Heterotic Phenomenology of $SU(3)$ Manifolds

Incorporating the effects of flux compactifications, such as moduli fixing and supersymmetry breaking, in the $E_8\times E_8$ heterotic string theory is an important problem both from the theoretical and phenomenological points of view. Since there is a dearth of fluxes in heterotic strings, one way of including fluxes is by considering the internal manifold to be a six dimensional $SU(3)$ manifold. In this talk we focus mainly on a subclass of $SU(3)$ manifolds known as half-flat manifolds. First we consider the ten dimensional solution of the form $R^{1,2} \times Z_7$, where $R^{1,2}$ is a three dimensional Minkowski space-time and $Z_7$ is a non-compact $G_2$ holonomy manifold.
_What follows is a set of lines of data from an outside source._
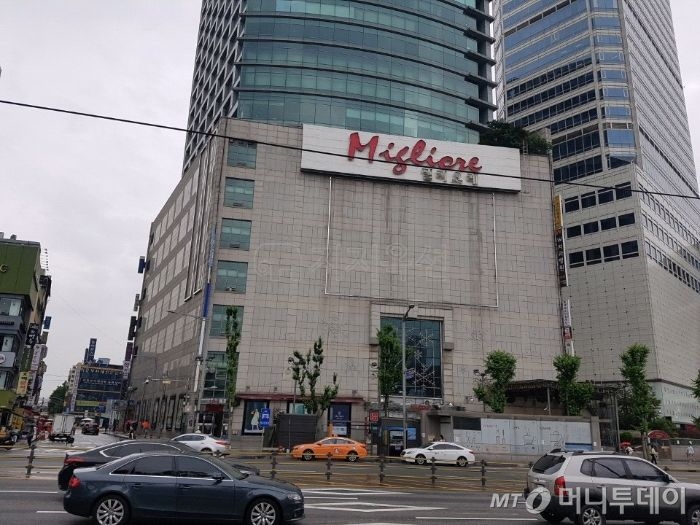 동대문 패션타운 중심에 위치한 밀리오레 전경. /사진제공=지지옥션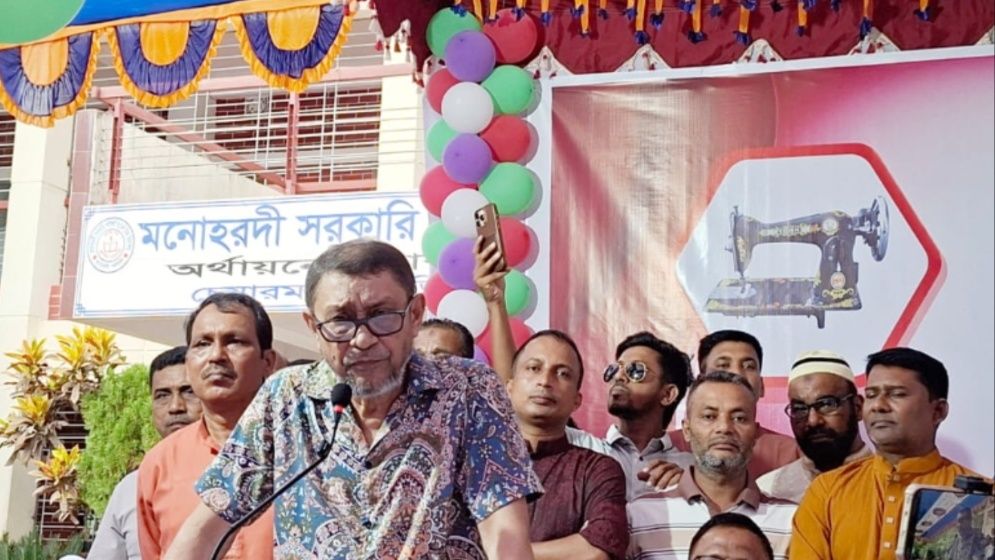 বাংলাদেশের এক ইঞ্চি মাটির ওপরও কারও প্রভুত্ব মেনে নেওয়া হবে না: স্বাস্থ্যমন্ত্রী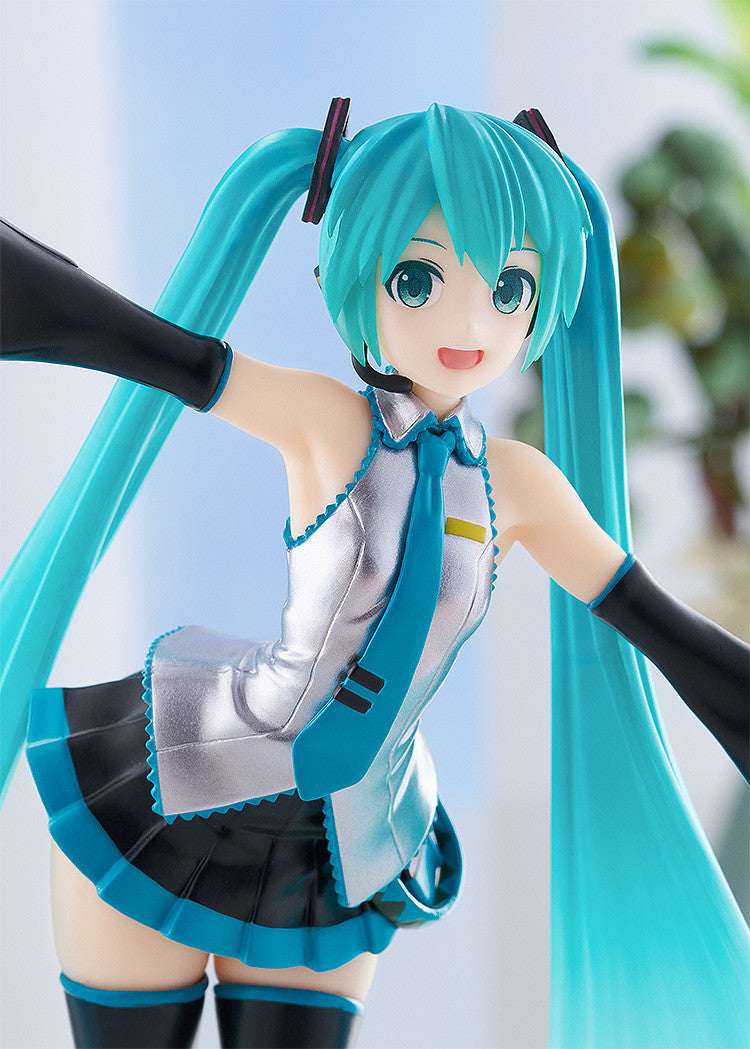 Vocaloid Characters: POP UP PARADE - Hatsune Miku (Translucent Colour Version)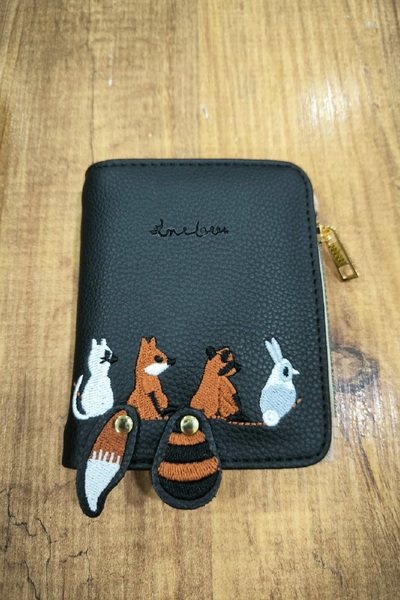 Hesaplı Aksesuar محفظة مطرزة باللون الأسود بتصميم عتيق على شكل سنجاب - مع حجرة للعملات المعدنية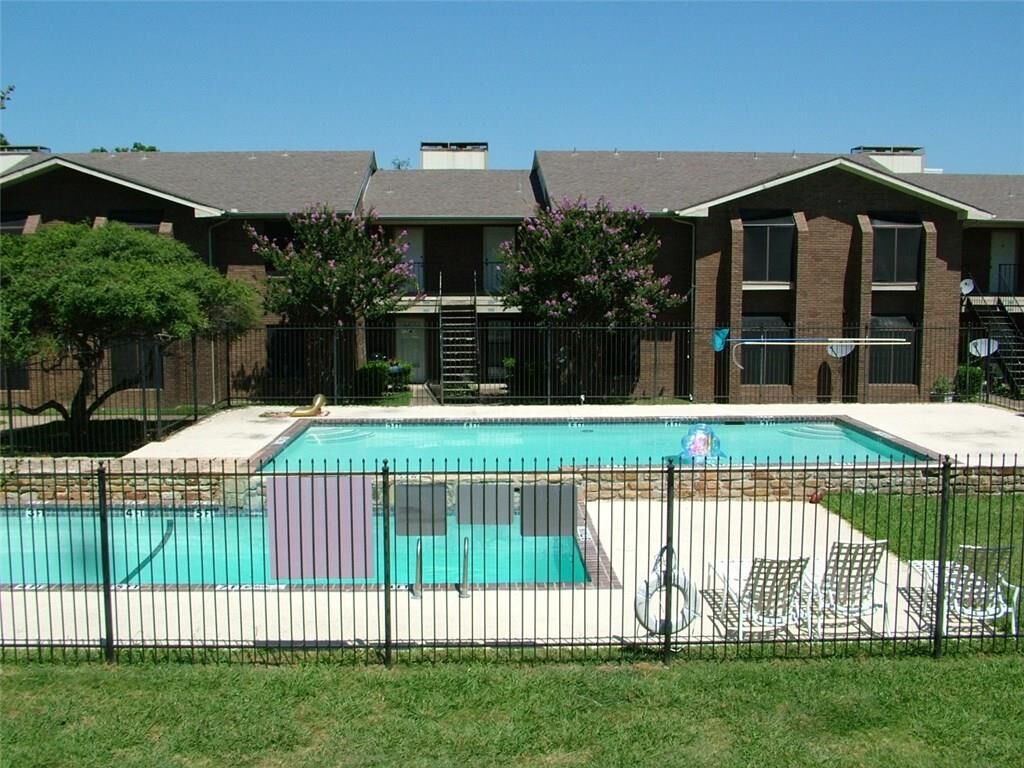 Property Photo: 4464 Chaha Road 204 TX 75043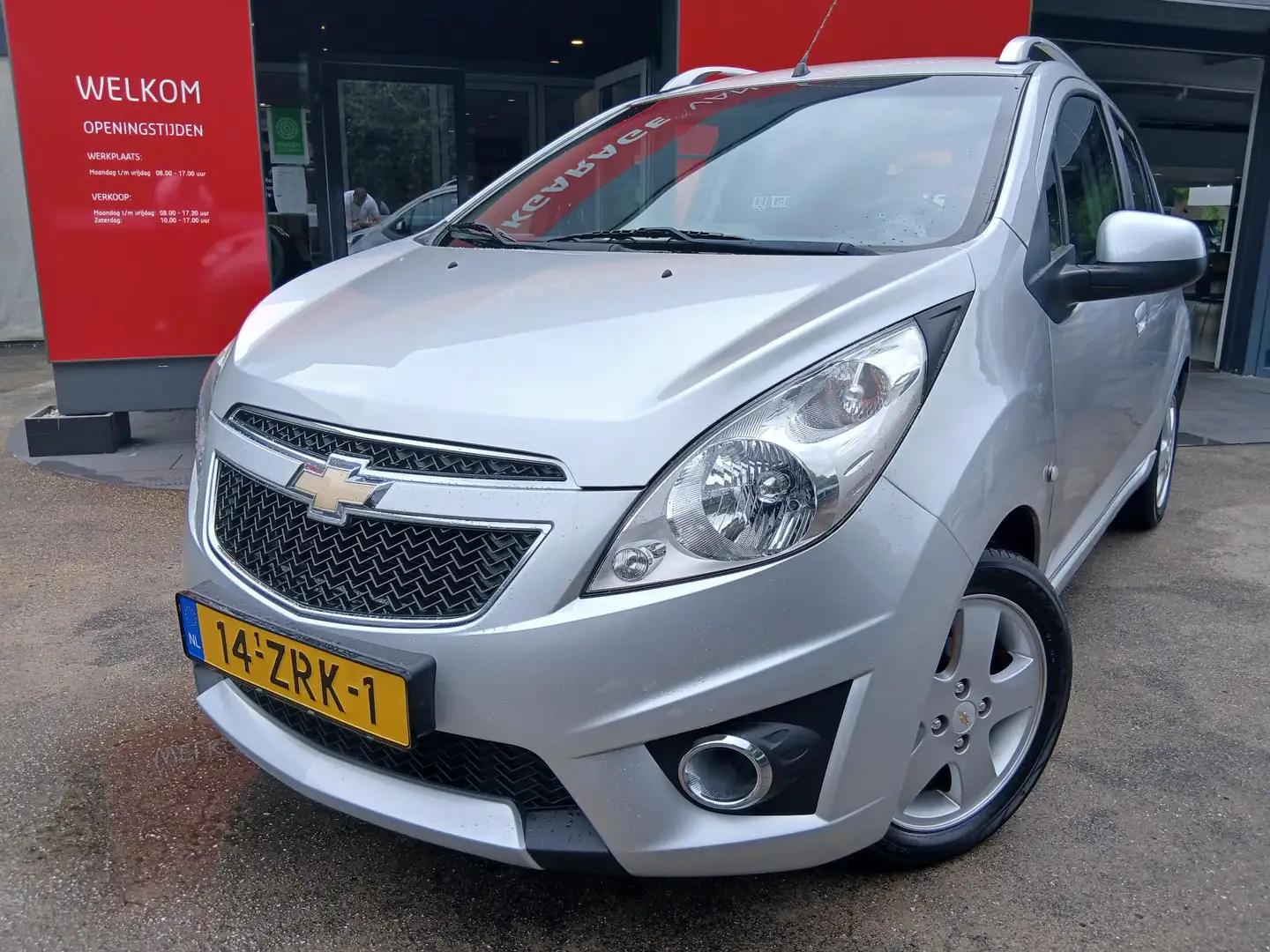 Chevrolet Spark 1.2 16V LT Šedá - 2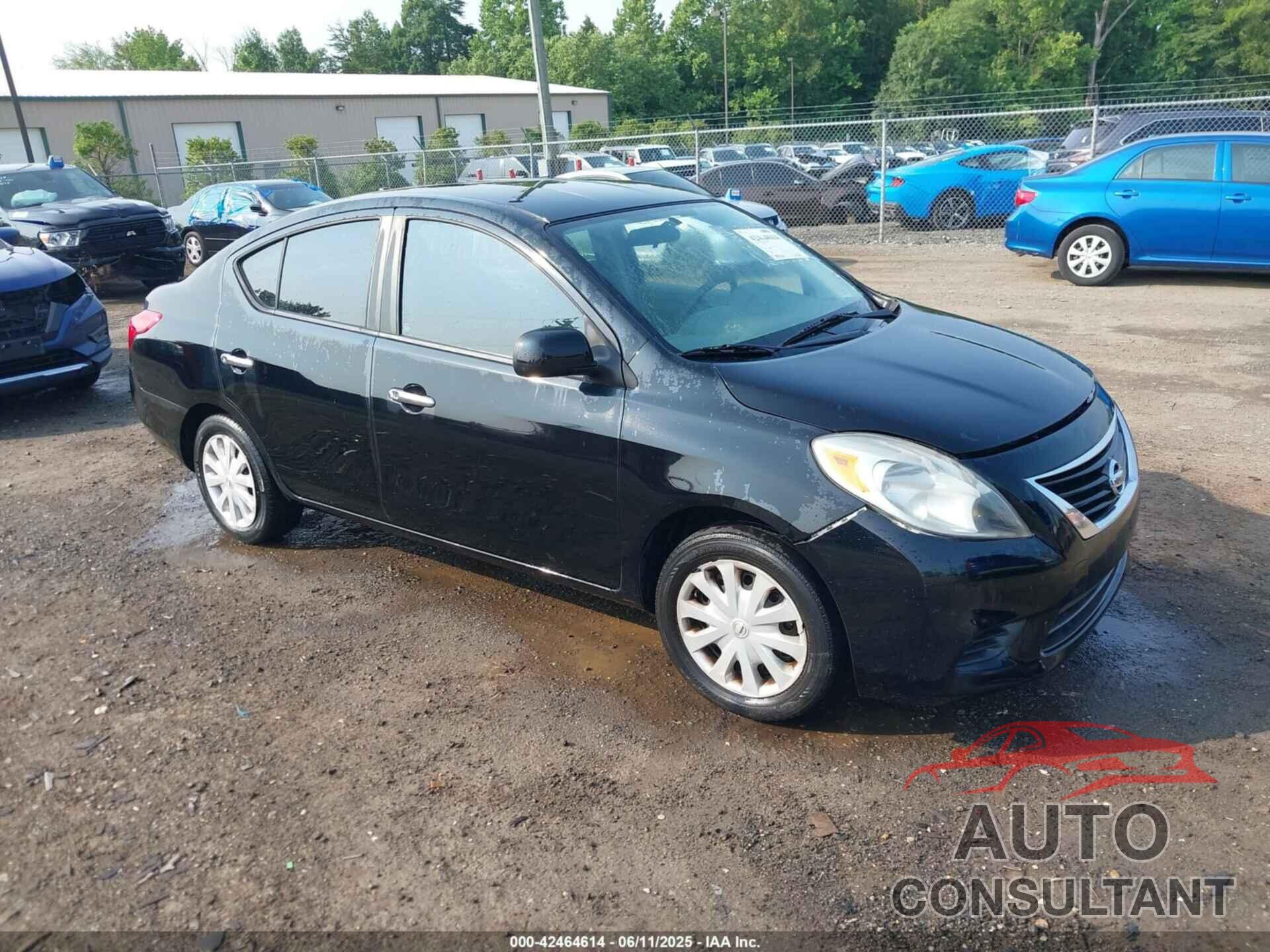NISSAN VERSA 2012 - 3N1CN7AP1CL820696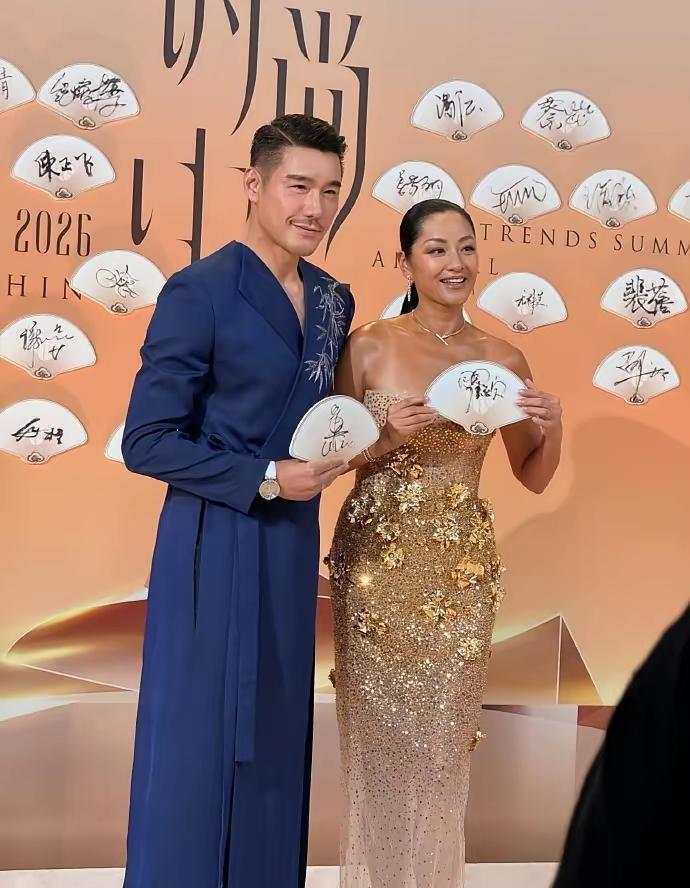 胡兵又拿瞿颖“打窝”，每次看到他们俩友情到爱情这套词就腻歪。

  胡兵他怎么回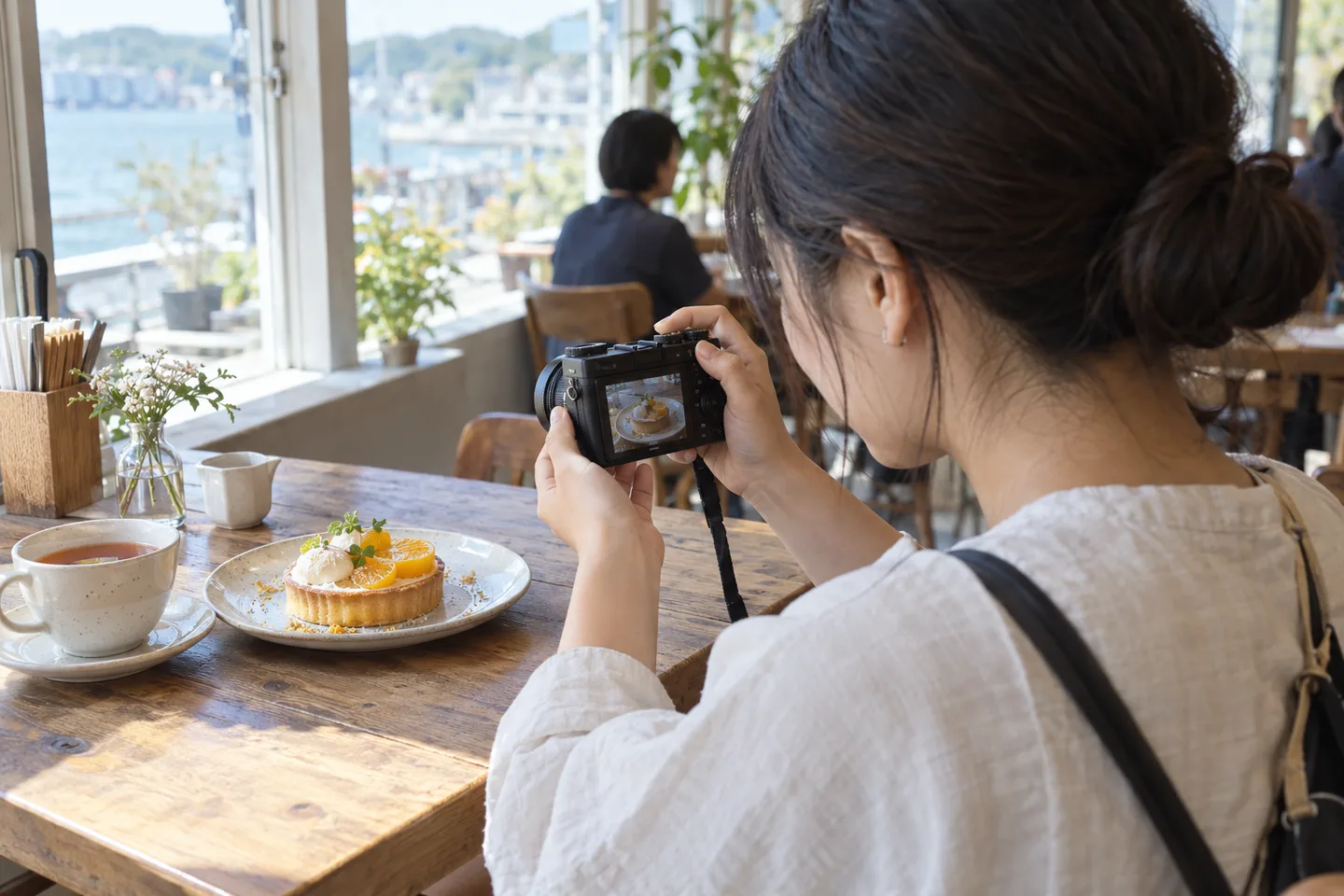 小型カメラをカフェのタルトへ近づけて撮る場面
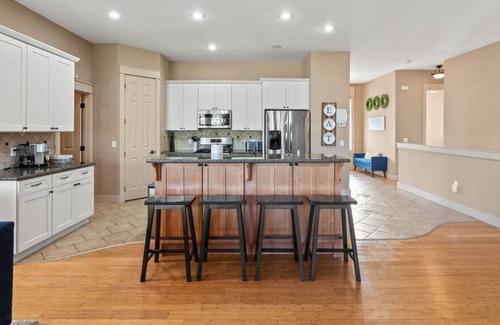 Latah Valley House | Upscale Huge Home/ 2 Decks w Views/ 2 Living Rooms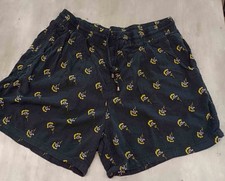 short femme large noir motifs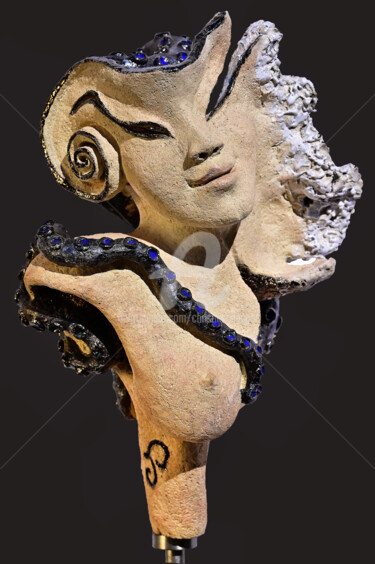 Sculptuur getiteld "AMPHITRITE" door Christine Dupont, Origineel Kunstwerk, Klei
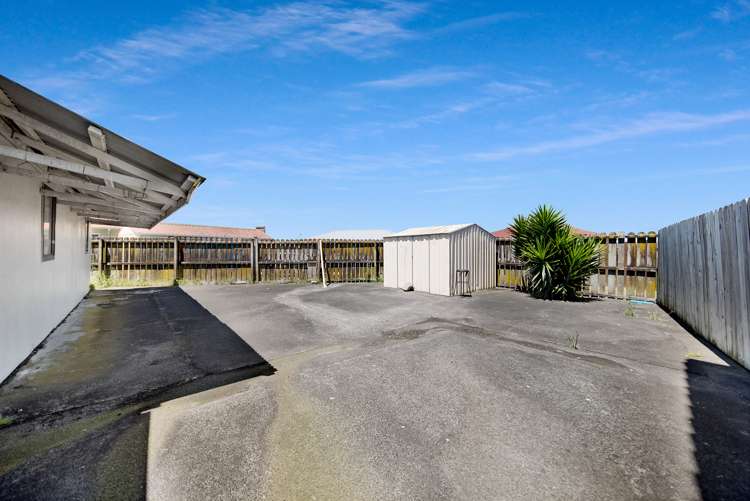 77 Maplesden Drive Clendon Park_16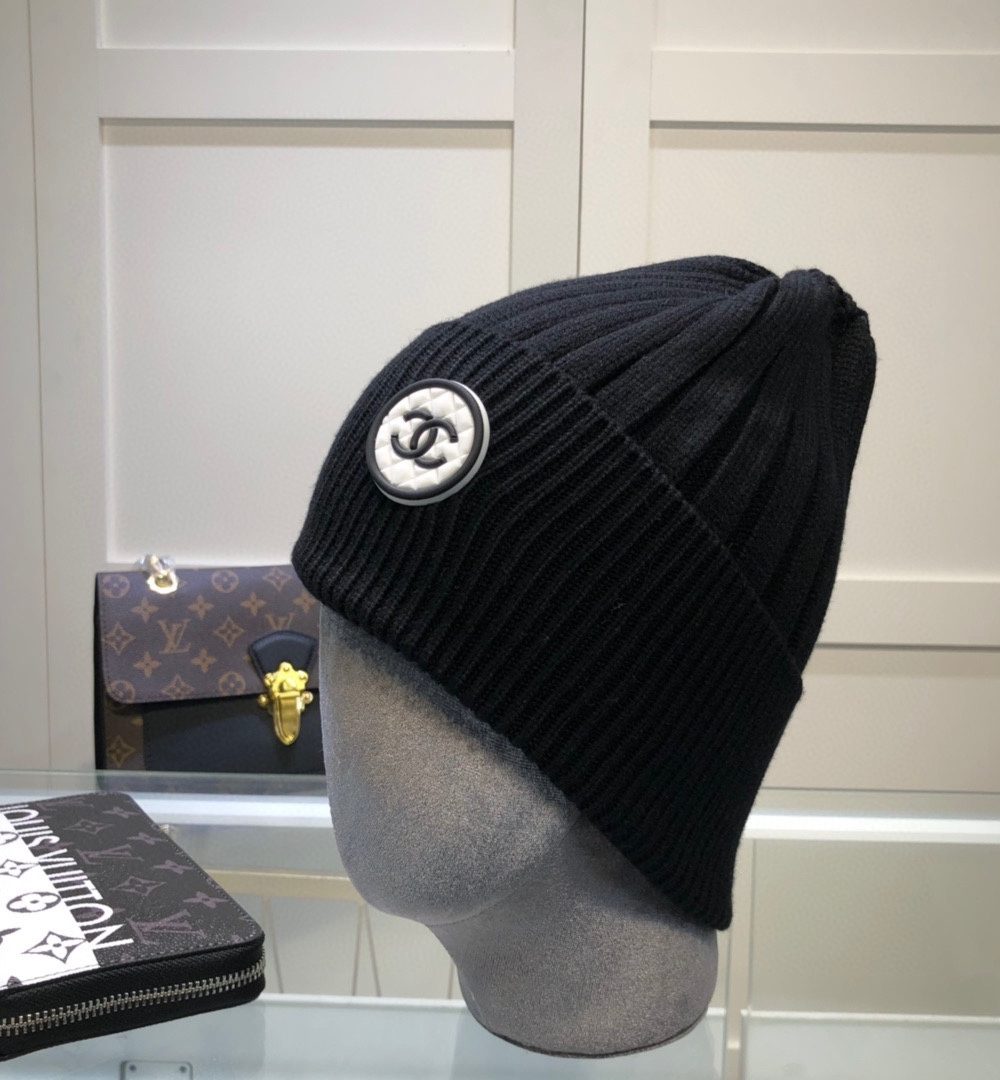 Chanel Beanie In Black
Half-flat manifolds can be thought of as hypersurfaces in $Z_7$, and the above construction then implies that the four dimensional effective action that follows from compactification on a half-flat manifold breaks the $E_8\times E_8$ group down to $E_6\times E_8$, as in the standard embedding on Calabi-Yau compactifications. Recently, this result was also found by Gurrieri, Lukas and Micu independently using a different approach. In this talk we shall present aspects of the low-energy effective action emphasizing the ten dimensional geometric origin. We shall conclude by mentioning some observations about extending our methods and results to more general $SU(3)$ manifolds.